Ses projections idylliques semblent s’adresser à des entités non-humaines ou conceptuelles (« Make Believe », « Concrete Angel », lequel marque d’ailleurs meilleure prestation d’un A.G. Cook qui lâche enfin la bride pour nous offrir un morceau parfois tortueux mais très jouissif quand on aime déconstruire aux marteau-piqueur la ritournelle pop pré-mâchée qu’attend l’auditeur lambda qui se serait trompé de playlist Spotify). Même quand ils sont composés en réaction à une peine de cœur, des morceaux comme « Love Goes On », « Fade Away », ou « The Ending » nous montrent une Hannah Diamond très vulnérable et prisonnière de ses sentiments qu’elle est seule à éprouver dans une relation qui bat de l'aile. Heureusement, les morceaux « Never Again » et « True » se montrent plus grinçants et même parfois revanchards comme sur « Invisible ». Pour illustrer ce dernier, Hannah Diamond a d’ailleurs pris soin de nous livrer un clip comme à son habitude bien chéper: déçue de ne pas attirer suffisamment l’attention de son crush totalement aveugle à ses charme, c’est sans la moindre hésitation qu’elle plonge dans une réalité alternative complètement méta où son hologramme doté du don d’ubiquité sillonne les scènes et les messages publicitaires du monde entier. Une frénésie qui la mènera d’ailleurs à l’autodestruction de son délire mégalo et à l’acceptation de soi. Au-delà de ce solipsisme et de ce narcissisme délirants, on y retrouve avec bonheur le ton ironique de PC Music qui a toujours su subtilement porter en dérision nos fantasmes consuméristes et transhumanistes les plus déjantés.

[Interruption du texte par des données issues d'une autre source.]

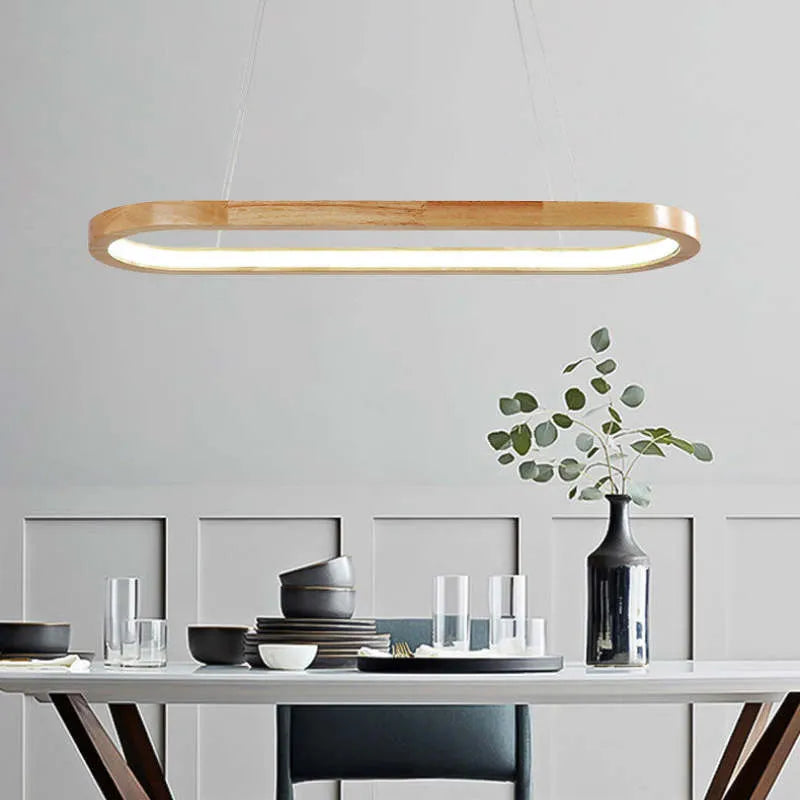 Lámpara colgante LED de madera para techo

En définitive, en sortant ce projet qui ressemble plus à une compilation qu’à un véritable album, Hannah Diamond semble se complaire dans le développement de son personnage et de sa signature vocale. Peu amène à quitter sa zone de confort et sa familiarité avec les productions du big boss A.G. Cook et d'EASYFUN, elle semble se distancier des élans arty et audacieux de GFOTY ou SOPHIE. Mais peu importe cette légère suffisance qui peut d’ailleurs s’expliquer par ses activités audio-visuelles : en bon alien cynique de la pop, l’ADN des beautiful freaks de PC Music coule bien dans les veines de la poupée Hannah Diamond, qui pervertit la pop et ses codes de l’intérieur.